Düzce-Konuralp Beldesi’nin girişinde yer alan müze, 3 teşhir salonu, 1 laboratuvar, 2 depo, 1 konferans salonu ve idari bölümlerden oluşur.
Bolu Müzesi’nden devredilen eserlerle birlikte, Konuralp (Prusias ad Hypium) antik kentinden çıkan buluntulardan oluşan; 1789 adet arkeolojik, 456 adet etnoğrafik ve 3837 adet sikke (antik para) olmak üzere toplam 6082 adet eseri mevcuttur.
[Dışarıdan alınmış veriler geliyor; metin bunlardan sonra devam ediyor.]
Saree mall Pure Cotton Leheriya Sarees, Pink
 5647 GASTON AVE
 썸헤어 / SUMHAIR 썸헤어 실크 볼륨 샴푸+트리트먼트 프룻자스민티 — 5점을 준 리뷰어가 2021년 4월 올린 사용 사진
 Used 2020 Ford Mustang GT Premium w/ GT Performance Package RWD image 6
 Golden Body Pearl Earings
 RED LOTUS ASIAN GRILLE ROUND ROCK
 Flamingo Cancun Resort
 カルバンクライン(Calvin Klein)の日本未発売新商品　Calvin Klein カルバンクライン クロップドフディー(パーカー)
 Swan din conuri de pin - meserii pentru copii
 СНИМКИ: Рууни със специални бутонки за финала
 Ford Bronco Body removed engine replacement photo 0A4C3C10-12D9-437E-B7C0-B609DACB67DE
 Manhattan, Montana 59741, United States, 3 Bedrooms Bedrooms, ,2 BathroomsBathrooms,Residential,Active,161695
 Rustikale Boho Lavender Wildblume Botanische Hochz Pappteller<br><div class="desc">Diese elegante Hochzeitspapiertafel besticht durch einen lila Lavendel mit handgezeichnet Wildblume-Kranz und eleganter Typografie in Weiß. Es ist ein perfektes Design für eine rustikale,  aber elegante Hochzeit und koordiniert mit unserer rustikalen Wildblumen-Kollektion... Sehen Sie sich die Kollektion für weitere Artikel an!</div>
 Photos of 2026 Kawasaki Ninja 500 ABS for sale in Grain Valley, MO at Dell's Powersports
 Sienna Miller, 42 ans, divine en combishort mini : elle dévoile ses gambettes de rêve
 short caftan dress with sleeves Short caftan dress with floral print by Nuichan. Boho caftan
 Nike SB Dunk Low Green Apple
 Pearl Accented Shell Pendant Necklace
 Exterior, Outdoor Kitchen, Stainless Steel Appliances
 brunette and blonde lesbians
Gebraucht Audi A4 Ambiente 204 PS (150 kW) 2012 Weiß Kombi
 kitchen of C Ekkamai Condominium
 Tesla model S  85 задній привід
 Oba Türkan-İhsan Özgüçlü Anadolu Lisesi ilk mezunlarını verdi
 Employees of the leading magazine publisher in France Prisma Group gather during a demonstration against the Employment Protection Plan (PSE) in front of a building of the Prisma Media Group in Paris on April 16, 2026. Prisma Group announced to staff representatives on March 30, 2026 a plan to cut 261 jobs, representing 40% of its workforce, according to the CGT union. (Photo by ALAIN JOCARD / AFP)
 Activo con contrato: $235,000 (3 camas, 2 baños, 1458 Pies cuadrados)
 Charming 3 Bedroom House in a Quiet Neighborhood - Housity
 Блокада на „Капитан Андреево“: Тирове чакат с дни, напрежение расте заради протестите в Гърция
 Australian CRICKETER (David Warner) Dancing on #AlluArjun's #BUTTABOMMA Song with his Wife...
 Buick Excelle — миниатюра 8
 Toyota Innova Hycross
12 Kasım 2003 tarihinde teşhire açılan Konuralp Müzesi, tarihe meraklı ziyaretçilerini bekliyor.
Arkeoloji Salonu:
Arkeoloji salonunda, Tunç çağlarından (MÖ.3000-2000) itibaren Bizans ‘a (MS.395-1453) kadar çeşitli dönemlere ait eserler; pişmiş toprak kaplar, kandiller, pişmiş toprak ve mermer heykelcikler, metal eserler, takılar, cam kaplar ve mezar hediyeleri, kronolojik bir anlayışla sergilenmektedir. Ayrıca, Grek, Roma, Bizans ve Osmanlı dönemlerine ait altın, bronz ve gümüş paraların sergilendiği dört adet de sikke seksiyonu mevcuttur.
Etnoğrafya Salonu;
Geleneksel kültürü yansıtan bu salonda; el işlemeleri, yöresel kıyafetler, süs eşyaları, mutfak kapları, aydınlatma araçları, kişisel eşyalar, kılıçlar, tüfekler vs. görülebilir. Ayrıca, anlatımı kuvvetlendirmek için mankenlerle canlandırma yapılmış, gelin odası ve geleneksel döşenmiş bir ev odası oluşturulmuştur.
Müze Bahçesi;
Müze bahçesinde, Konuralp (Prusias ad Hypium) antik kentinde gün ışığına çıkan, büyük mimari parçalar, sütunlar, bomoslar (adak yazıtları), osthotekler (ölü küllerinin konduğu küçük taş lahitler), şehir yasası yazıtları, pithoslar ( büyük depolama kapları), mezar stelleri (mezar taşları) vs. sergilenmektedir.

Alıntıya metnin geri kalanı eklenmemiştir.